Ray Bradbury - Fahrenheit 451
Ive done 19 short work units
)
Ive done 19 short work units with a pentium 4 3.0ghz system with ht off.
Averaging at 4860 seconds claiming and recieving 19.5 credits each time.
Ive swithced to HT on and now average 7400 seconds based on a sample of 4 claiming 19.5 credits each time.
4860*2 = 9720 while with HT 7400.
(9720-7400)/9720= 0.239
So im getting a 23.9% improvemnt in crunch times using HT.
i have no problem with the
)
i have no problem with the longer work units.
s4 long std app - 4h 20m
s4 long Akos app - 45m
s4 short Akos app - 07m
s5 short std app - 1h 10m
s5 long std app - 10h 05m
so i think some of you have your figures wrong.
if you work that out it comes to about 2.3 x as long comparing std app to std app on the long units.
98SE XP2500+ @ 2.1 GHz Boinc v5.8.8
RE: so i think some of you
)
Mine never took more than 2=1/2hours on the standards app.
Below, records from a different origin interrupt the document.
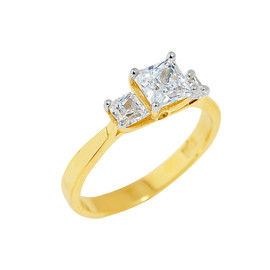Gold Princess Cut Engagement Ring with CZ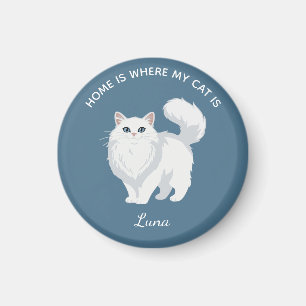 Íman Mãe de Gato Branco de Cabelo Comprido Personalizad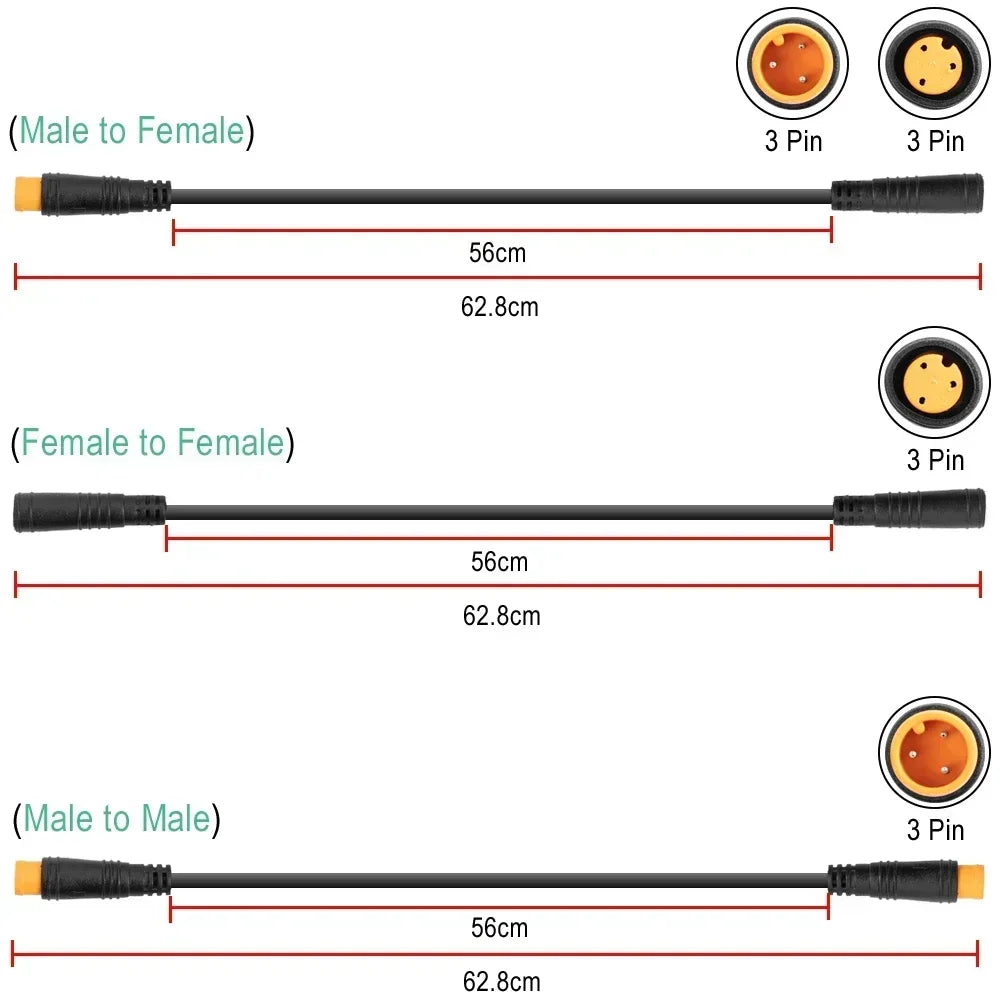Cable sensor de extensión macho hembra para BAFANG, motor de bicicleta eléctrica, acelerador de pulgar, cable conector de conversión de 3 pines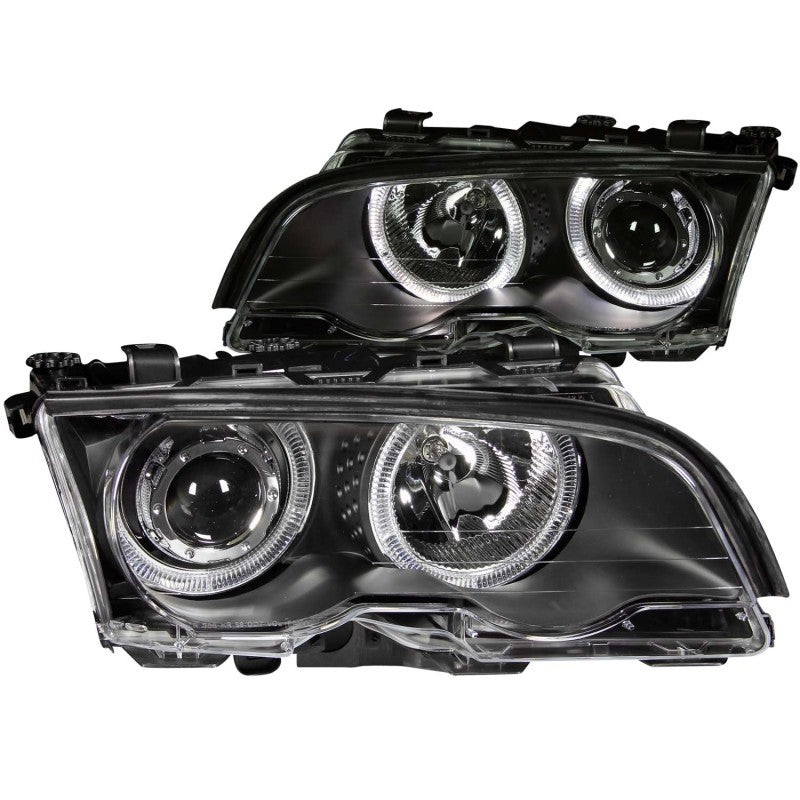 ANZO 1999-2001 BMW 3 Series E46 Projector Headlights w/ Halo Black-SR1 Performance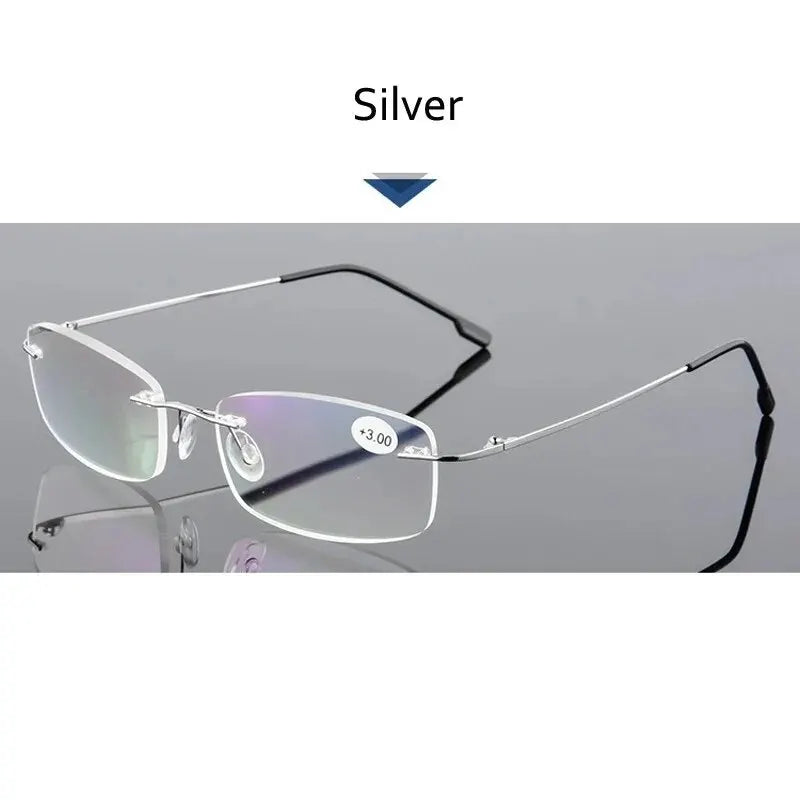 Ultralight TR90 Memory Titanium Rimless Reading Glasses Men&Women Presbyopic Eyeglasses +1.0 +1.5 +2.0 To+3.5 +4.0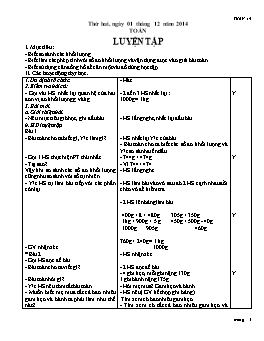 Giáo án môn Toán Lớp 3 - Tuần 14 - Bài: Luyện tập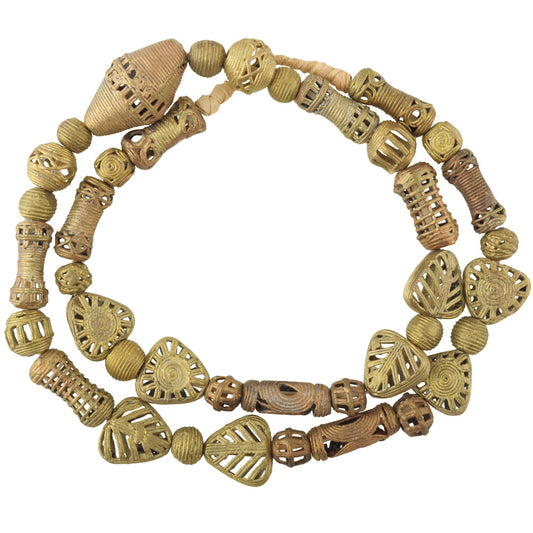 Handmade African Brass Beads From Ghana - Lost Wax Technique 27.5" Strand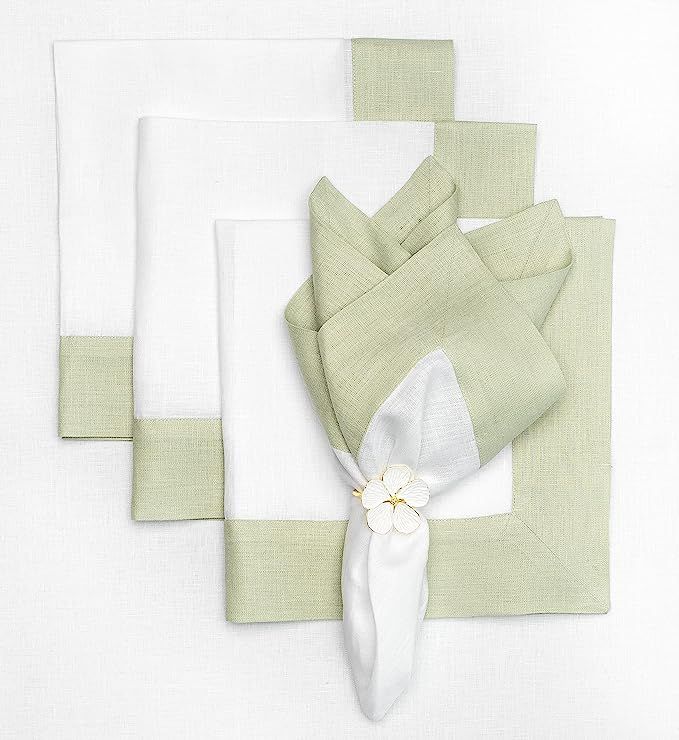 Solino Home Linen Cloth Napkins 20 x 20 Inch – 100% Pure Linen Sage Green and White Dinner Napk... | Amazon (US)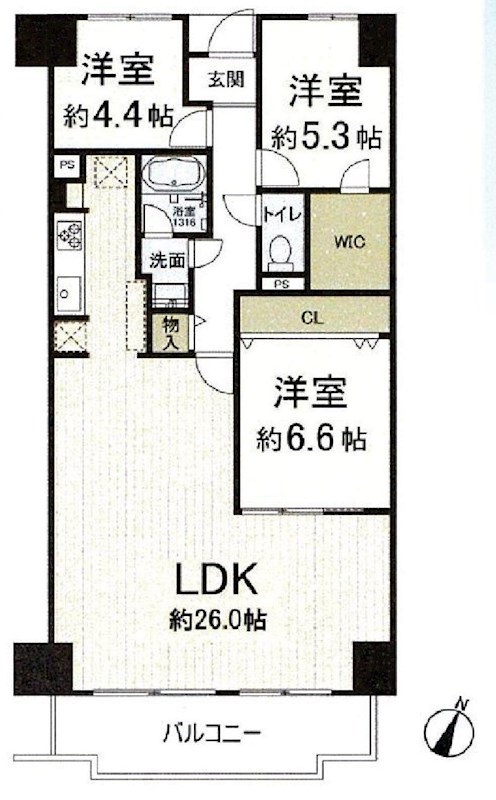 朝日プラザ千里北C棟   405号室 間取り図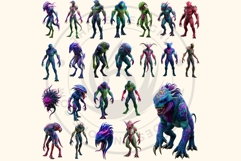 Acid Monsters Clipart Pack - Neon Fantasy Characters Product Image 4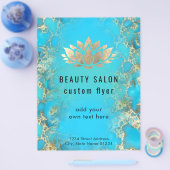 FAUX Gold folie lotus logo turquoise stone Flyer (Enkel)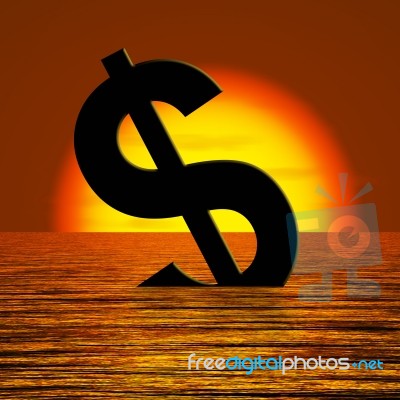 Sinking Dollar Sign In Sea Stock Image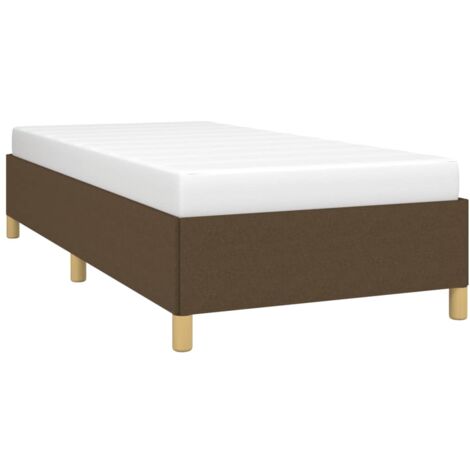 Estructura de cama sin colchón tela marrón oscuro 100x200 cm vidaXL (1/5)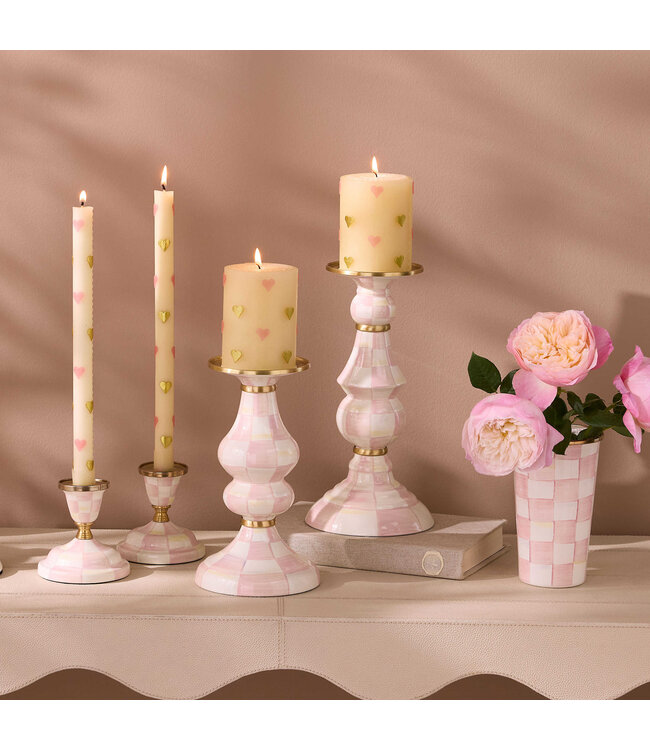 MACKENZIE CHILDS Rosy Check Pillar Candlestick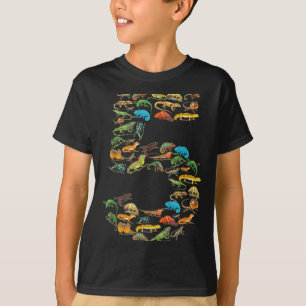 5th Birthday Reptiles Lizards 5 Year Old Birthday T-Shirt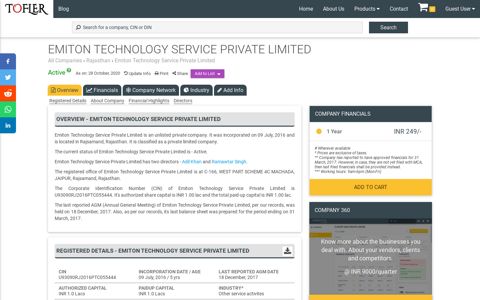 EMITON TECHNOLOGY SERVICE PRIVATE LIMITED - Tofler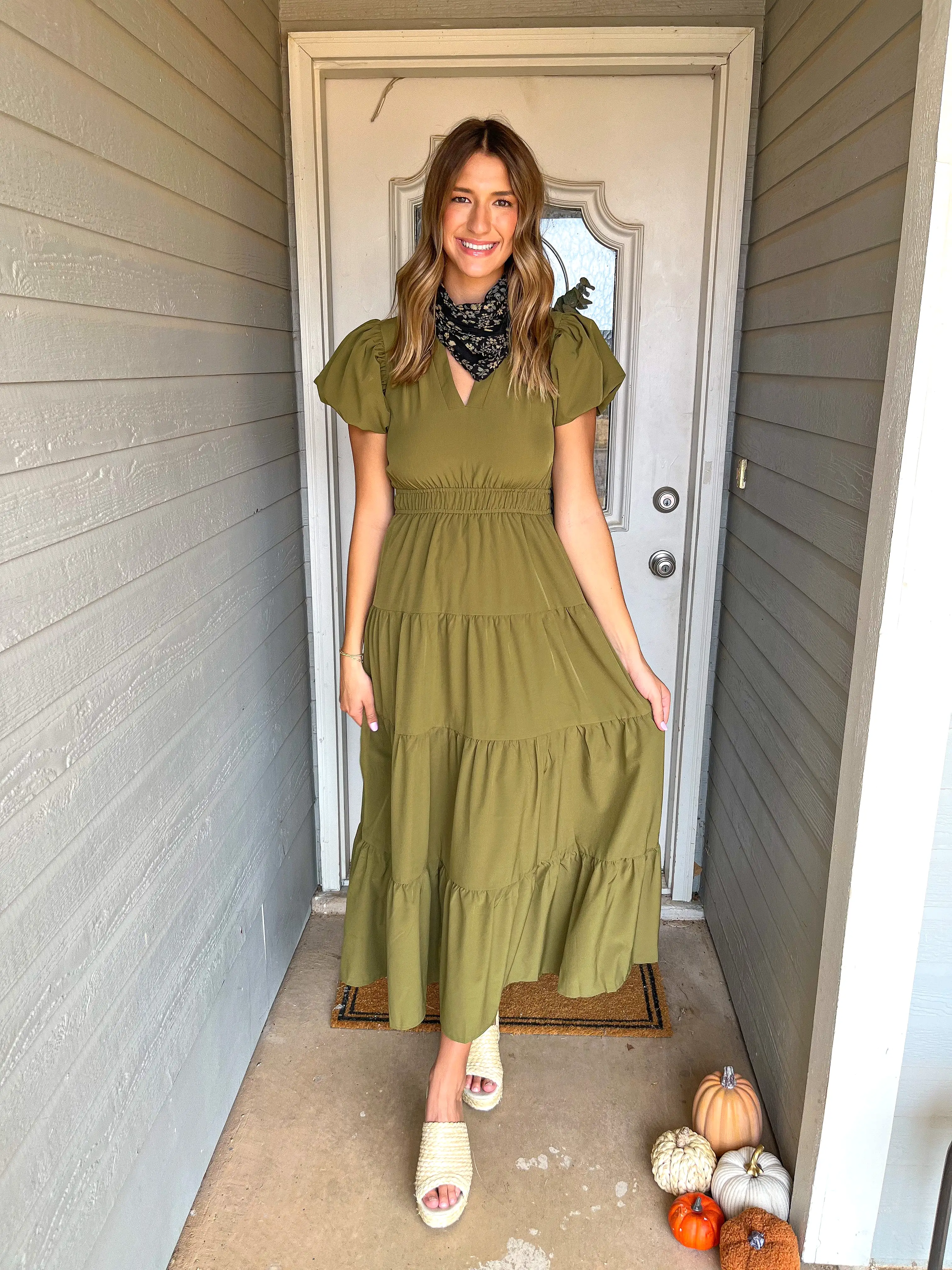 V-Neck Bubble Sleeve Tiered Midi Dress - Martini Olive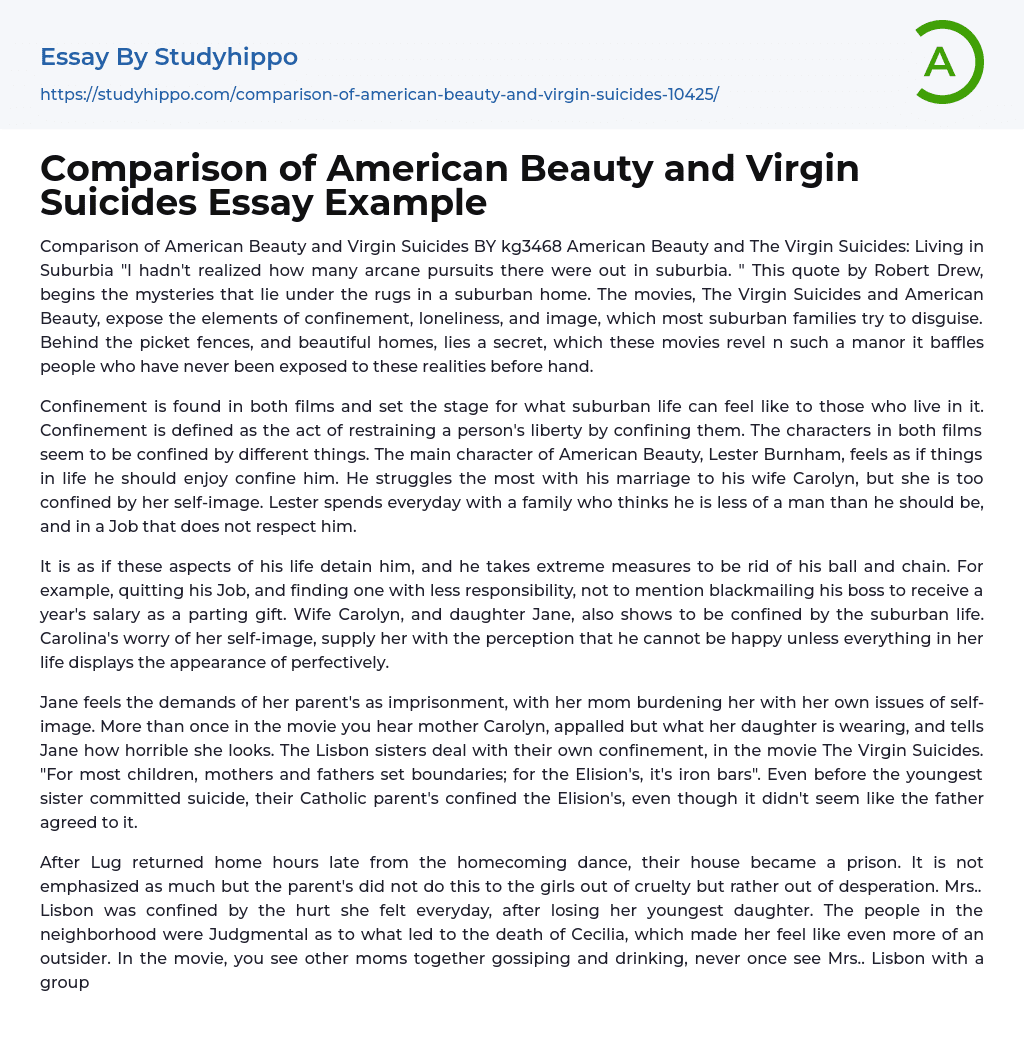 Comparison of American Beauty and Virgin Suicides Essay Example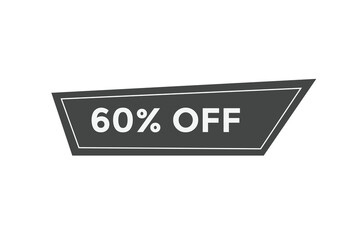 60% off special offers. Marketing sale banner for discount offer. Hot sale, super sale up to 60% off sticker label template
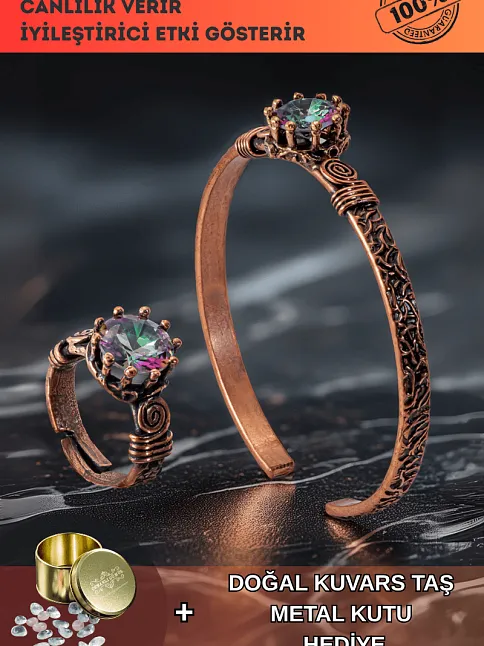 Kadın Bakır Bileklik Yüzük Set - Mistik Topaz Ağaç Kabuğu Model İnce Metal Kutu Kuvars Taşlı Set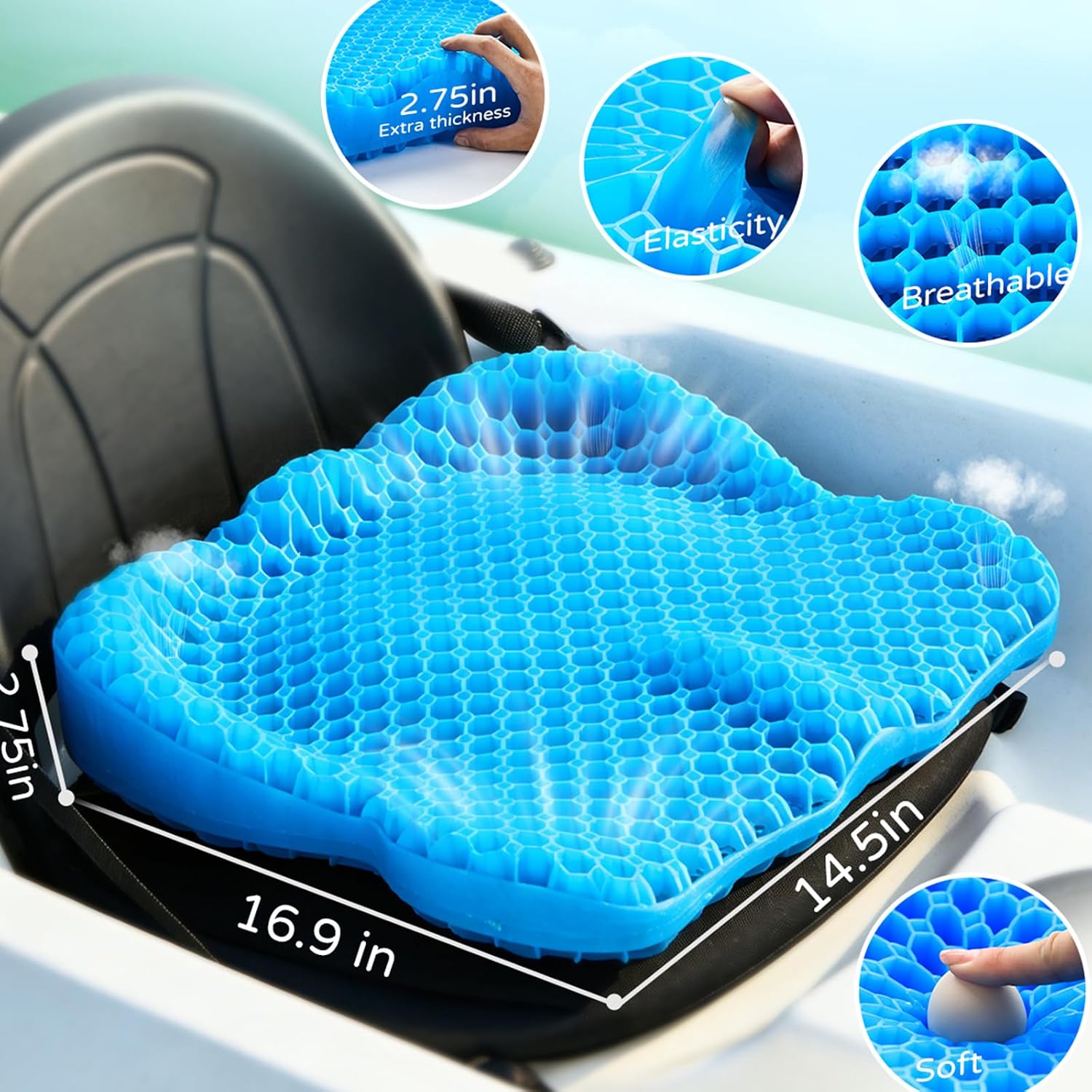 Kayak Gel Seat Cushion, Double Thicken Anti Slip Waterproof Gel Kayak Seat, Kayak Accessories for Fishing, Kayak Fishing Accessories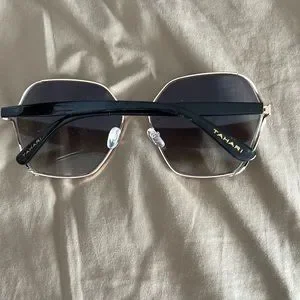 New Tahari Hexagon Gold Sunglasses Black Handles Amazon.com: TAHARI Women main image 3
Usually where done in 1:50hours. Opti app got it down to 35-45min. New apps taking almost 12/+hours
what was wrong with the idea of just increasing the unit length to the old (standard app) length? Use all those new implimentations and just make the units a bit longer to meet the usual unit length? as you said took you about 4 hours wich was a decent time. Instead they've gone and put the optimizasions in and doubled or more again over that length?
The ratio of the completion
)
The ratio of the completion times for the SR4 WUs Opty vs G5 4:1 should remain the same for the SR5 WUs provided similar optimizations where applied to both apps. Granted the SR4-G5 times are for the standard app but the 4.67 PPC optimization did not result in much of a gain for the G5(25%-28%) so the ratio might be 3:1.
Instead the G5s are now faster than Opty.